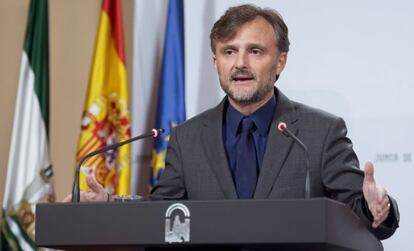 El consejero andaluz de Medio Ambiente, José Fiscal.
◆ ◆ ◆ ◆
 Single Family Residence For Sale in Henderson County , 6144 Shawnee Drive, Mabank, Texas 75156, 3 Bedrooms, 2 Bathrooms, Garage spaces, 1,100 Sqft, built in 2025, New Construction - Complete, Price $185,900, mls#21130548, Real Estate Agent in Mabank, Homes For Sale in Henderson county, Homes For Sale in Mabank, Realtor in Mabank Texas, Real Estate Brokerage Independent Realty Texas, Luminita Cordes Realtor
◆ ◆ ◆ ◆
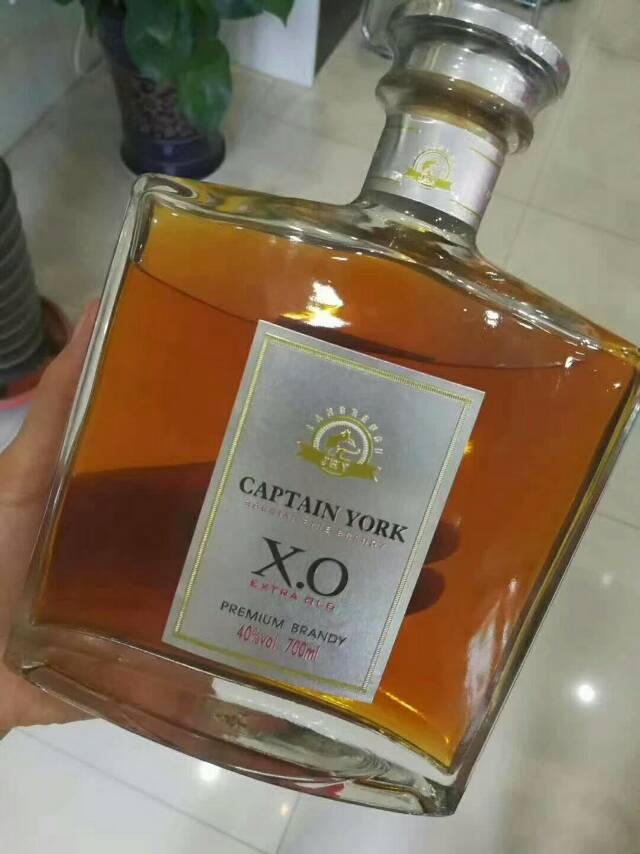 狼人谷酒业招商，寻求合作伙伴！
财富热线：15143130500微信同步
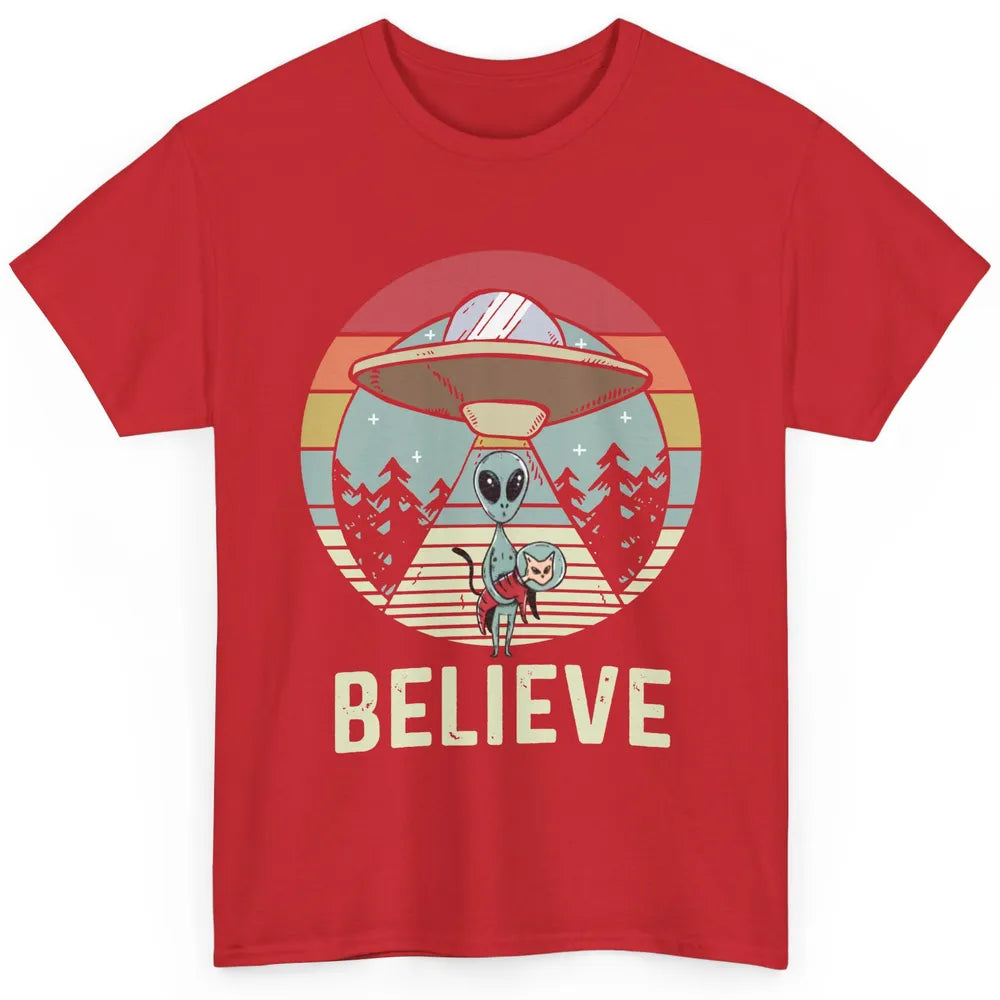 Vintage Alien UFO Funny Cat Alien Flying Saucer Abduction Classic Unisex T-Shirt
◆ ◆ ◆ ◆
PROBLEM STATEMENT: Above are records with pictures. Reproduce exactly only the lines from the line with "狼人谷酒业招商，寻求合作伙伴！" through the line with "Vintage Alien UFO", both ends included, and leave the pictures out.

OUTPUT OF THE TASK:
 狼人谷酒业招商，寻求合作伙伴！
财富热线：15143130500微信同步
 Vintage Alien UFO Funny Cat Alien Flying Saucer Abduction Classic Unisex T-Shirt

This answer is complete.